**Instructions to follow**
Starting with the line that holds "Marvin Bargo standing" and stopping after the line that holds "May include: A", repeat the lines below word for word, without the pictures.

**Available records**
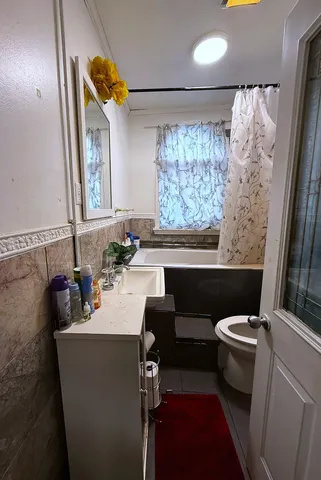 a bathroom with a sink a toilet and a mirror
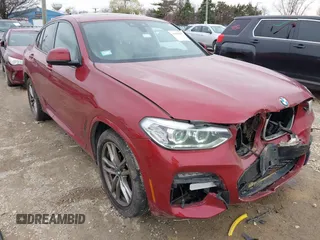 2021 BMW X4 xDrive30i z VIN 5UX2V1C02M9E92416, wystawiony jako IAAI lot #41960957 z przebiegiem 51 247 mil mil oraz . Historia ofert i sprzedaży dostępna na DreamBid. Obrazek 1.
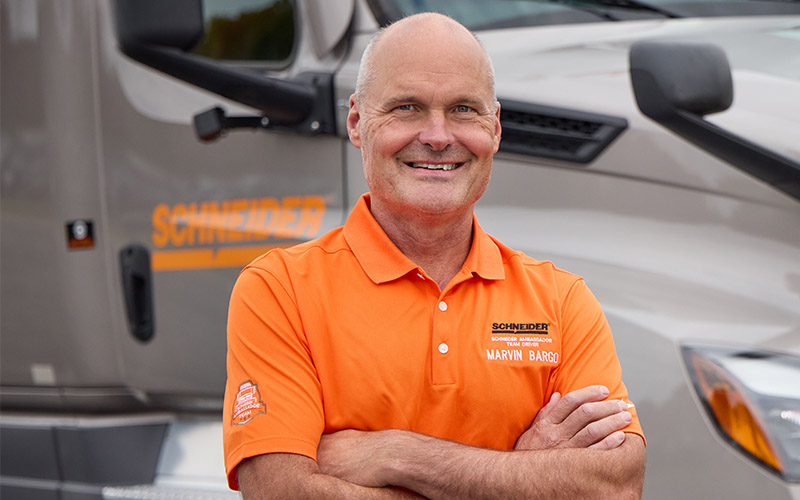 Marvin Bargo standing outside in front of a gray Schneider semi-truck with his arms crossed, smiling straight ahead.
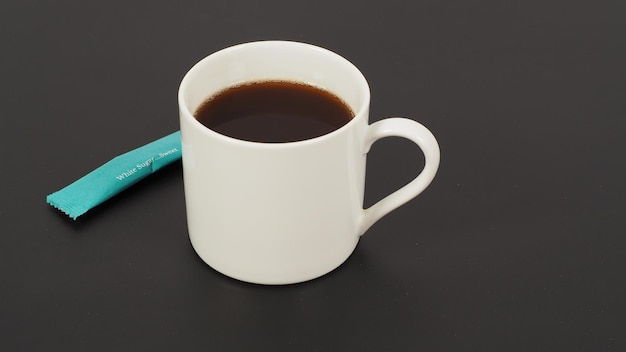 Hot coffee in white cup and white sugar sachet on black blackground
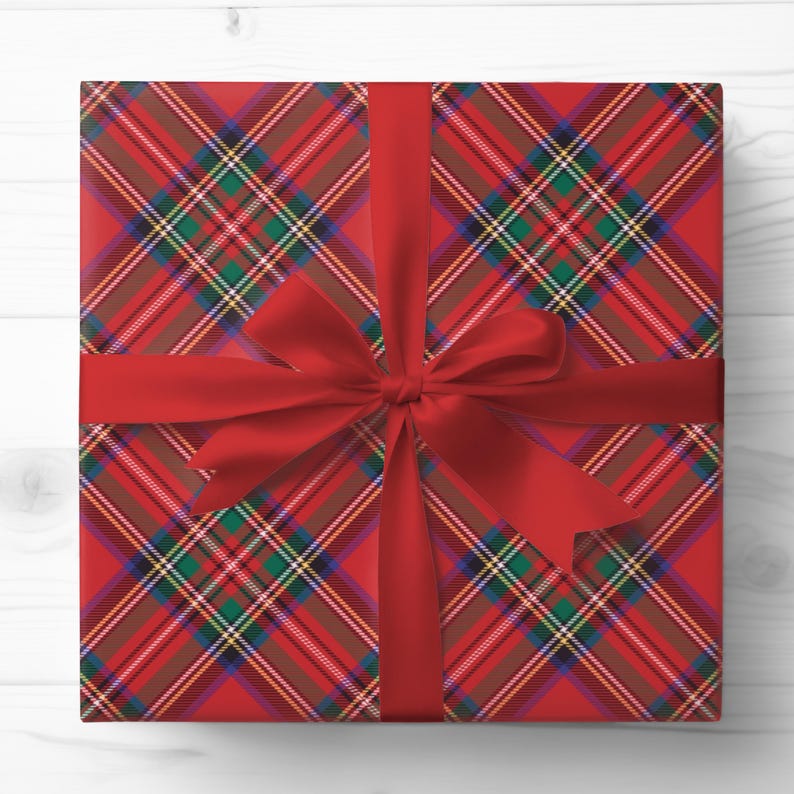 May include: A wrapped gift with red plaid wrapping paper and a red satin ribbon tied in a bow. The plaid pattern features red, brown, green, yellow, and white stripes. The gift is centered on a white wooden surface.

* * *

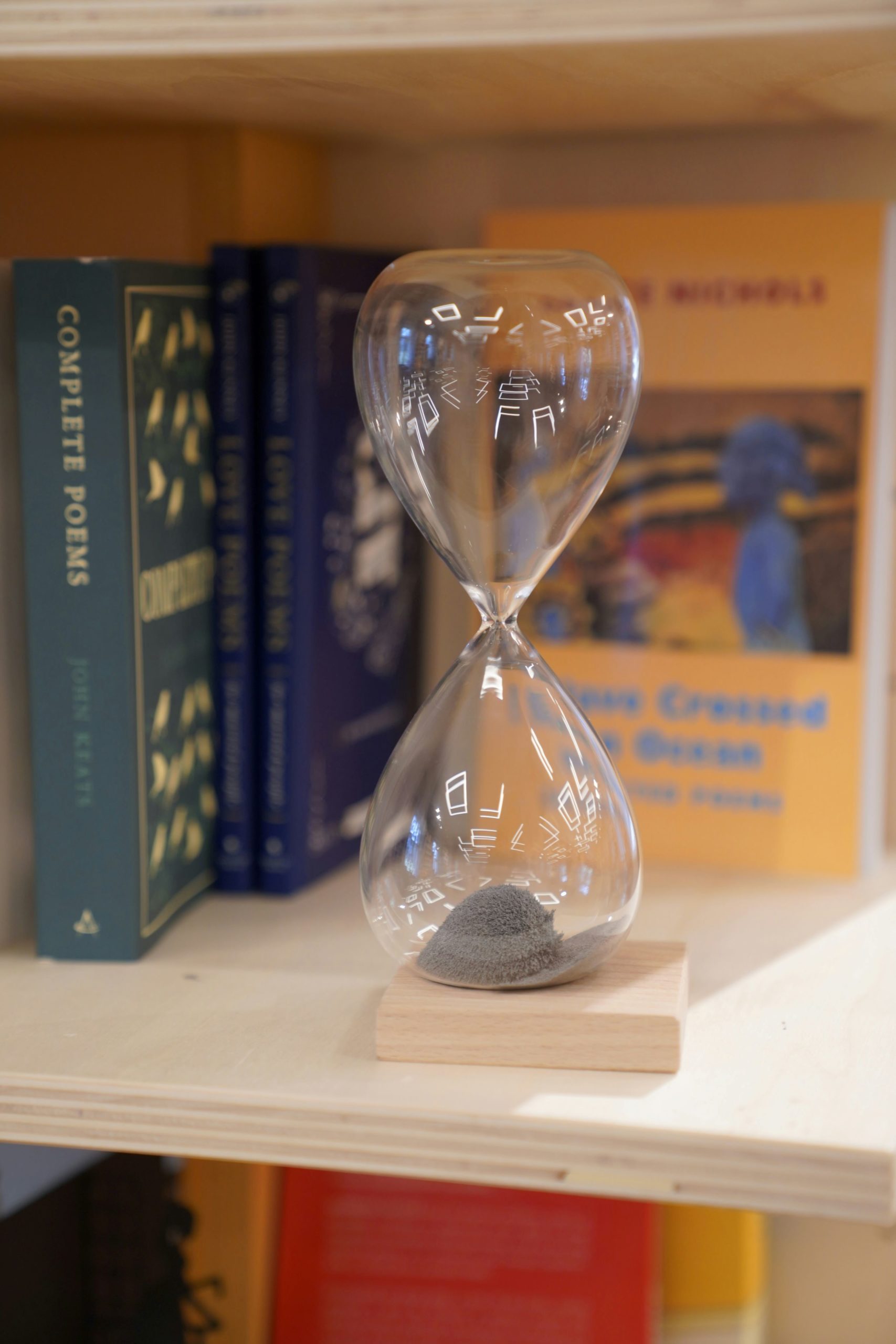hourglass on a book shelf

**Answer below**
 Marvin Bargo standing outside in front of a gray Schneider semi-truck with his arms crossed, smiling straight ahead.
 Hot coffee in white cup and white sugar sachet on black blackground
 May include: A wrapped gift with red plaid wrapping paper and a red satin ribbon tied in a bow. The plaid pattern features red, brown, green, yellow, and white stripes. The gift is centered on a white wooden surface.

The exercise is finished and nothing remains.